[Data segment]:
Segment Open
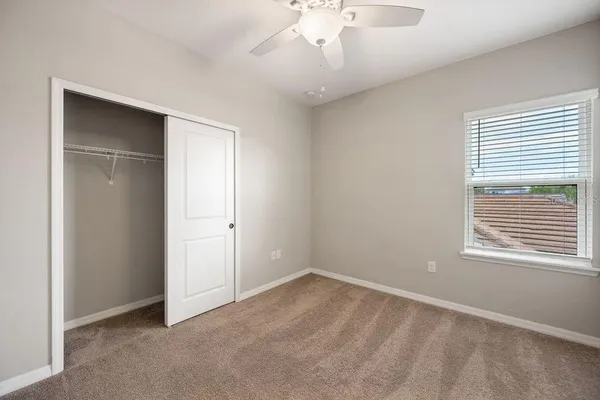 a bathroom with a granite countertop sink a toilet and a mirror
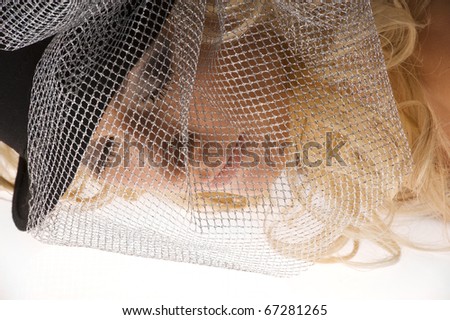 creative portrait of blond beautiful girl with curly hair style black hat and a silver net over her face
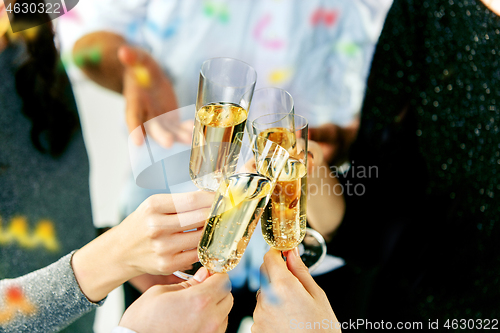 Image of Celebration. Hands holding the glasses of champagne and wine making a toast.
Segment Closed
[Requirement]: Reproduce the whole listing exactly, but not the images in it.

[Answer section]:
 a bathroom with a granite countertop sink a toilet and a mirror
 creative portrait of blond beautiful girl with curly hair style black hat and a silver net over her face
 Image of Celebration. Hands holding the glasses of champagne and wine making a toast.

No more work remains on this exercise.